START INPUT DATA

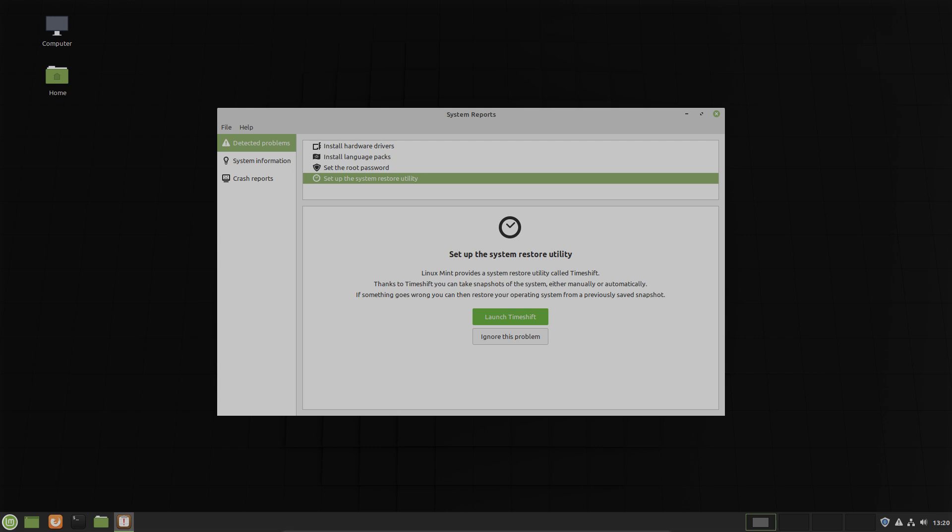As you may know Linux Mint provides a restore utility. It's called Timeshift and you can launch Timeshift now or you can ignore. It's not really a problem if you don't use Timeshift but it's a good idea to have backups available if something goes wrong with your system.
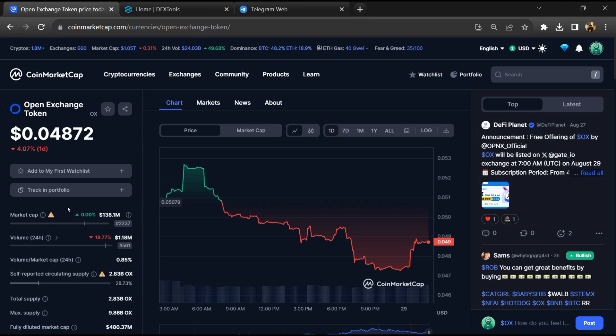Hello guys, today I am going to tell you about that open exchange token is a legit or scam.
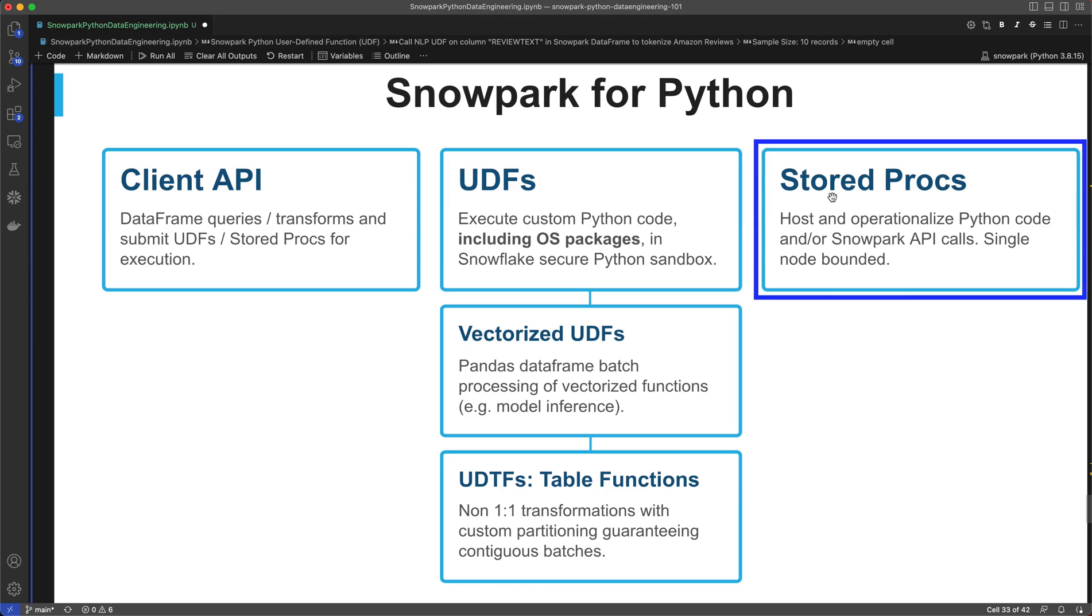I'll show you an example of stored procedure in Snowpark using the same Amazon review dataset as in my previous videos. Okay, let's get started.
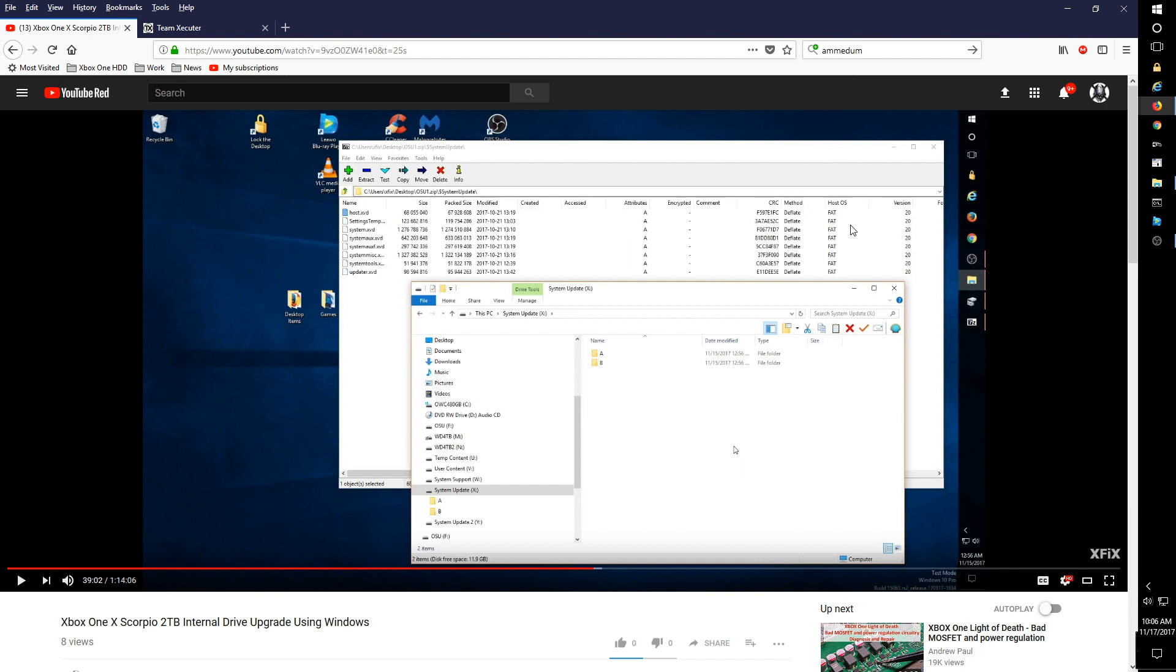I spent the last couple days creating and editing a series of Xbox One X videos, and particularly while I was editing the 2TB internal upgrade video, my most recent video, I noticed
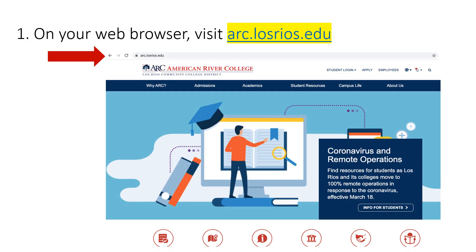First, you want to open a new web browser. Then, visit the ARC website. You will type in arc.losrios.edu. When your page loads, it should look similar to the picture here.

END INPUT DATA

→ **WHAT THE EXERCISE ASKS**:
Print the data above exactly, from its first line to the line bearing "Hello guys, today" inclusive, and keep pictures out of the result.

→ **EXERCISE SOLUTION**:
As you may know Linux Mint provides a restore utility. It's called Timeshift and you can launch Timeshift now or you can ignore. It's not really a problem if you don't use Timeshift but it's a good idea to have backups available if something goes wrong with your system.
Hello guys, today I am going to tell you about that open exchange token is a legit or scam.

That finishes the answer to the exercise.